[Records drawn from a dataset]
▬▬▬

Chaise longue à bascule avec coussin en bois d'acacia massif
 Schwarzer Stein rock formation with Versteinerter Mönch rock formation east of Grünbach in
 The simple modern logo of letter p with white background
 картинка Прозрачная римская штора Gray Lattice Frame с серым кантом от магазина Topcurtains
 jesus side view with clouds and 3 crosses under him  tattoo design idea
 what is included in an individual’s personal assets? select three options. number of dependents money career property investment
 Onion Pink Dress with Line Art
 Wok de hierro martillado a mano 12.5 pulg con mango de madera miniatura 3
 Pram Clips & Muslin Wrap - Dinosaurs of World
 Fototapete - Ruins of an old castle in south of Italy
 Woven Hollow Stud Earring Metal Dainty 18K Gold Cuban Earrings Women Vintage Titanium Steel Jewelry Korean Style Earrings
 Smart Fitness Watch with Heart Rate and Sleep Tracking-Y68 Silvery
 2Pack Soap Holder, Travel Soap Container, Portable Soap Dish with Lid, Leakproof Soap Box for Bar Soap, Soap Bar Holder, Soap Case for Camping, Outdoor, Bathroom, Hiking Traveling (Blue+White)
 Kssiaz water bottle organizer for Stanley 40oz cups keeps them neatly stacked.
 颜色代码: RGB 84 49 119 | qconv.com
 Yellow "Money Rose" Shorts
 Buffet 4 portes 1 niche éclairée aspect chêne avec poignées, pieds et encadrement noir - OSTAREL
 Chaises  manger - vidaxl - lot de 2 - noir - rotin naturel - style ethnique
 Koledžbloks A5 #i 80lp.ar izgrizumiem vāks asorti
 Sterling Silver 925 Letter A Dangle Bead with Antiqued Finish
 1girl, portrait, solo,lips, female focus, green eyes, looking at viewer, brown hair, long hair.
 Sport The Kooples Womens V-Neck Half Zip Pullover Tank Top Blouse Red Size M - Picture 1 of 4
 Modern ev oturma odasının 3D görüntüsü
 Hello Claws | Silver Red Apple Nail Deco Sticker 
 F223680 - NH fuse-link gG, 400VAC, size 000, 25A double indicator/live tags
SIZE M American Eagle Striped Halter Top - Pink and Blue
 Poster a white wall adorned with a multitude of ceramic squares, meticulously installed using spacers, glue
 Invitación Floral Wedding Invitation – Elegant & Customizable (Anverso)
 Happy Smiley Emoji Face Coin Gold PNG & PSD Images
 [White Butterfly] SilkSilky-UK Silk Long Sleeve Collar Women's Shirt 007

▬▬▬

From the data above, return every line from the line that has "- style ethnique" up to and including the line that has "Hello Claws |", exactly.

 Chaises  manger - vidaxl - lot de 2 - noir - rotin naturel - style ethnique
 Koledžbloks A5 #i 80lp.ar izgrizumiem vāks asorti
 Sterling Silver 925 Letter A Dangle Bead with Antiqued Finish
 1girl, portrait, solo,lips, female focus, green eyes, looking at viewer, brown hair, long hair.
 Sport The Kooples Womens V-Neck Half Zip Pullover Tank Top Blouse Red Size M - Picture 1 of 4
 Modern ev oturma odasının 3D görüntüsü
 Hello Claws | Silver Red Apple Nail Deco Sticker 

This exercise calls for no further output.